Nach Ansicht der Psychologen liegt dem gestörten Essverhalten in beiden Fällen eine ausgeprägte Sorge um das Gewicht und die Figur zu Grunde. Während Anorexie-Patienten dem Essen so abgeneigt sind, dass sie ein mitunter lebensbedrohliches Untergewicht entwickeln, halten Bulimie-Patienten in aller Regel ihr Gewicht konstant, indem sie nach ungezügelten Fressattacken erbrechen. Ärzte und Psychologen verstehen das als Symptom einer psychischen Erkrankung und verschreiben daher ein breites Spektrum an Therapien, die von kognitiv-verhaltenstherapeutischen Maßnahmen, über Gestaltungstherapie bis hin zu Familientherapie reichen.

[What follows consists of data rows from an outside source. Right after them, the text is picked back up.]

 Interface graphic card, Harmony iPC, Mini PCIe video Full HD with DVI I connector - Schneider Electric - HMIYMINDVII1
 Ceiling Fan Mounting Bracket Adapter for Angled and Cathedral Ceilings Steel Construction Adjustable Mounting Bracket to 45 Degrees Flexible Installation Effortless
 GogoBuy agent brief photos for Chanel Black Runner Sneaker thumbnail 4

Doch nicht jeder Mensch mit Essstörungen ist psychisch krank. Das behauptet zumindest das Team um Serguei Fetissov vom Karolinska Institutet in Stockholm. Zunächst haben die Forscher 28 Anorexie-Patientinnen und 22 Bulimie-Patientinnen Blut entnommen. Das aus dem Blut gewonnene Serum enthält Antikörper, die im Normalfall ausschließlich gegen körperfremde Strukturen gerichtet sind, darunter Oberflächenstrukturen von Viren und Bakterien. Bei Patienten mit Autoimmunkrankheiten befinden sich zusätzlich solche Antikörper im Serum, die fatalerweise körpereigene Proteine erkennen.

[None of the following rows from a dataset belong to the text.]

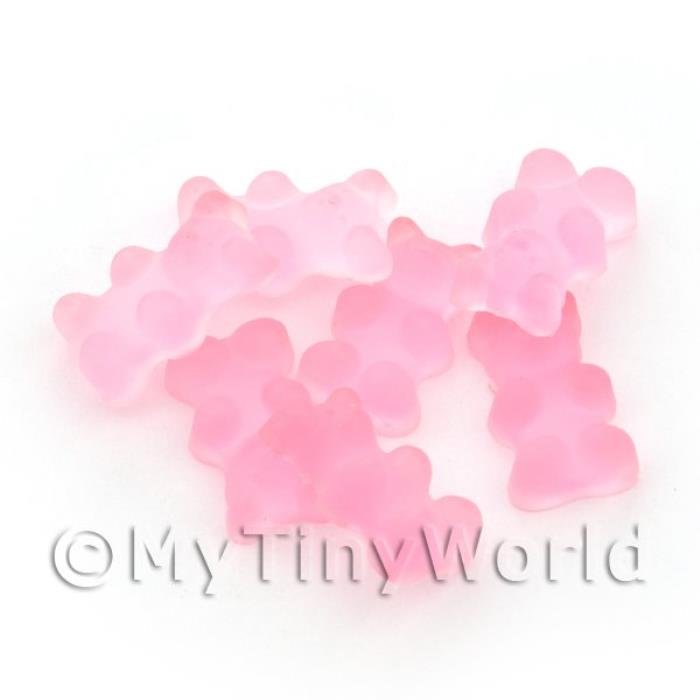 Translucent Pale Pink Gummy Bear Charm For Jewellery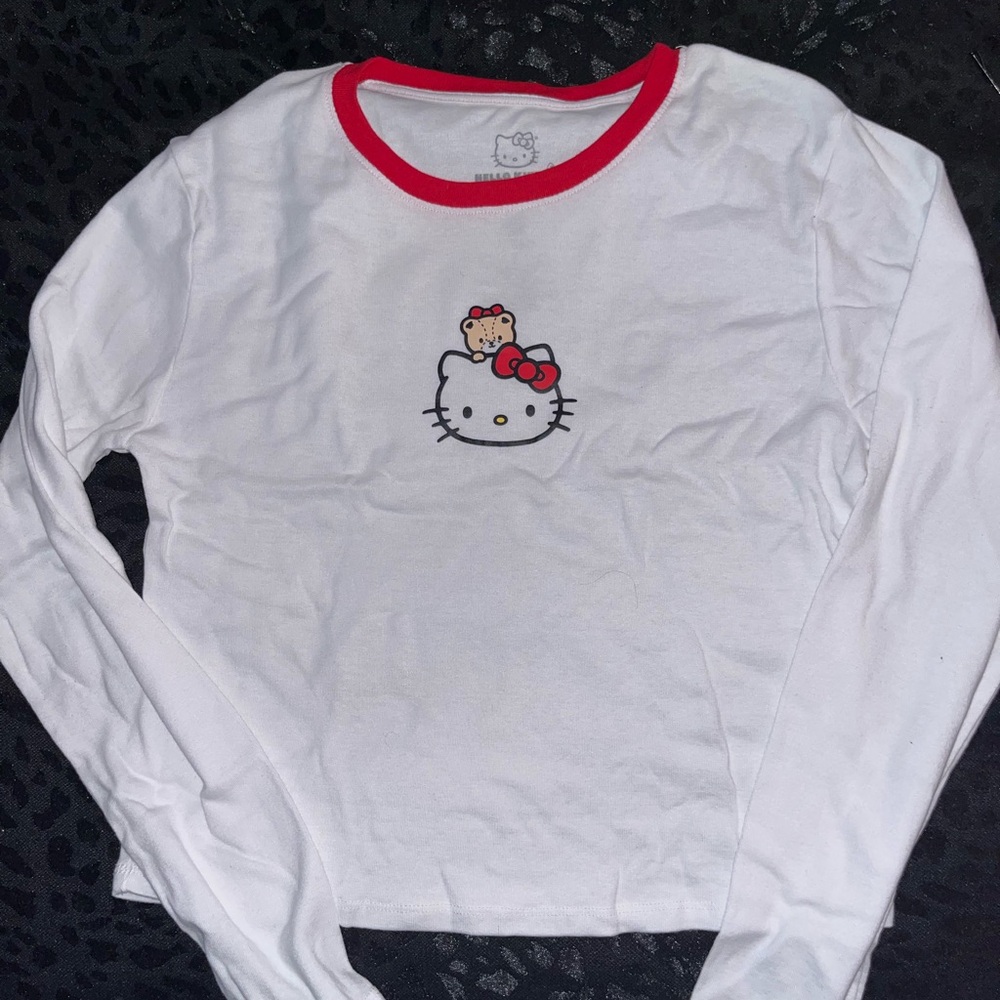 Hello Kitty White Long Sleeve Shirt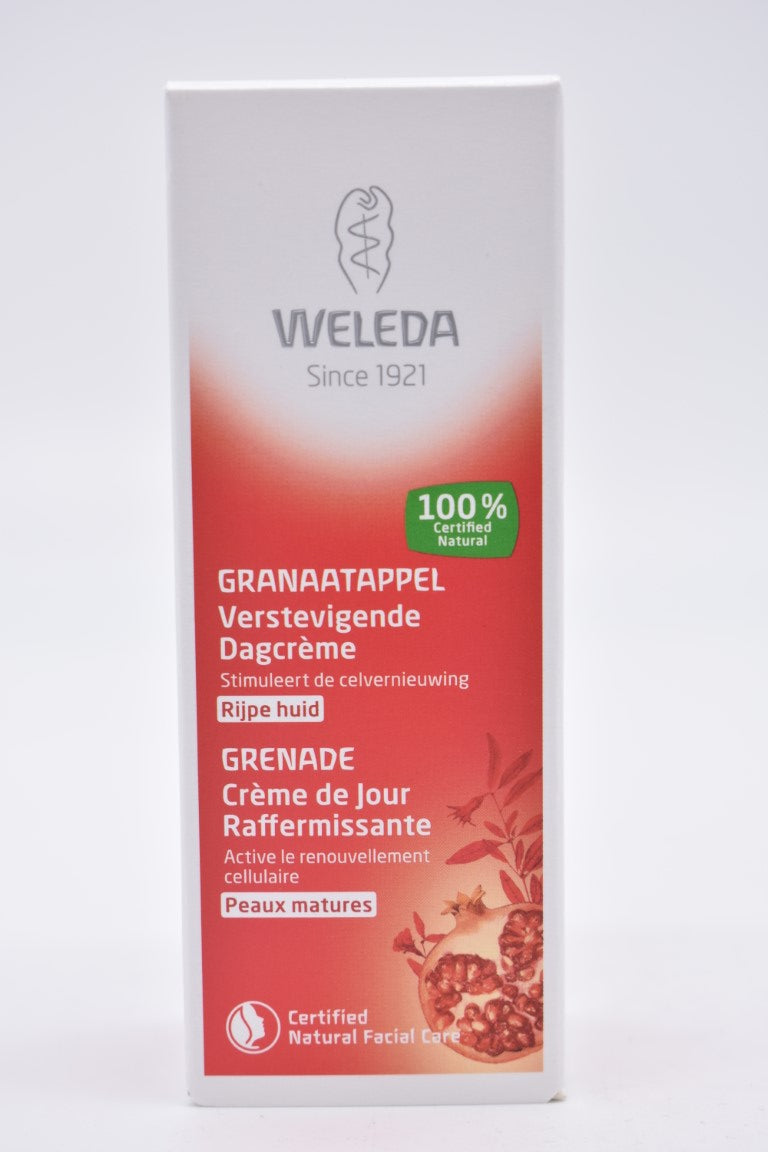 <transcy>crème de jour raffermissante à la grenade weleda</transcy>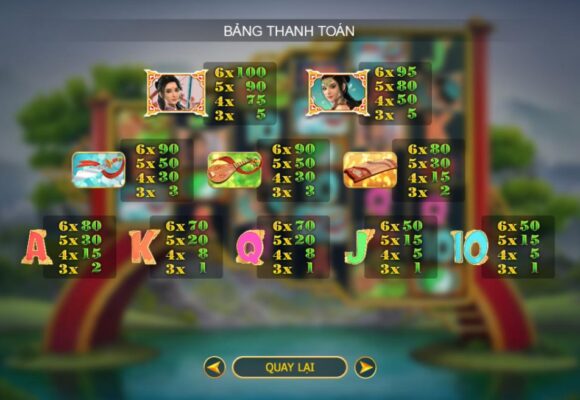 Slot game GPI Wuxia Princess: Mega Reels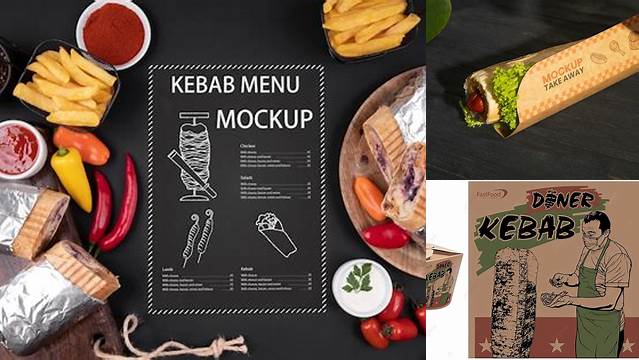 9836+ Kebab Mockup Smart PNG Image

Die Wissenschaftler ließen das Serum mit histologischen Schnitten aus Rattengehirnen reagieren und färbten am darauffolgenden Tag die an Zielstrukturen gebundenen Antikörper an. Der Blick durchs Mikroskop verursachte bei den Forschern Erstaunen: Offensichtlich hatten rund drei Viertel aller Patienten mit Essstörungen Antikörper gebildet, die sich gezielt an appetitregulierende Regionen des Hypothalamus hefteten. Derartige Autoantikörper fanden sie nur in 16 Prozent der Blutproben von gesunden Menschen.

Dabei richteten sich die Antikörper vor allem gegen die Neuronen, die Appetit-regulierende Neuropeptide wie das alpha-melanocytenstimulierende Hormon (alpha-MSH) produzieren. Die Forscher vermuten, dass dieser Autoimmunangriff jene Netzwerke beeinträchtigt, die Nahrungsaufnahme und Fettverbrennung steuern: "Die Antikörper verhindern möglicherweise, dass Nervenzellen auf die appetitregulierenden Hormone reagieren können", erklärte Fetissov, "und tragen somit zu einem krankhaften Essverhalten bei."

Um diese Ergebnisse zu stützen, fassen die Wissenschaftler nun neue Projekte ins Auge: Zunächst wollen sie untersuchen, ob die verdächtigen Antikörper tatsächlich Auslöser und nicht Symptom des gestörten Essverhaltens sind. Trifft das zu, dann stellen diese Antikörper ein geeignetes Werkzeug zur Diagnose von Bulimie und Anorexie dar, so die Forscher. Und möglicherweise irgendwann auch den Schlüssel zur medikamentösen Therapie.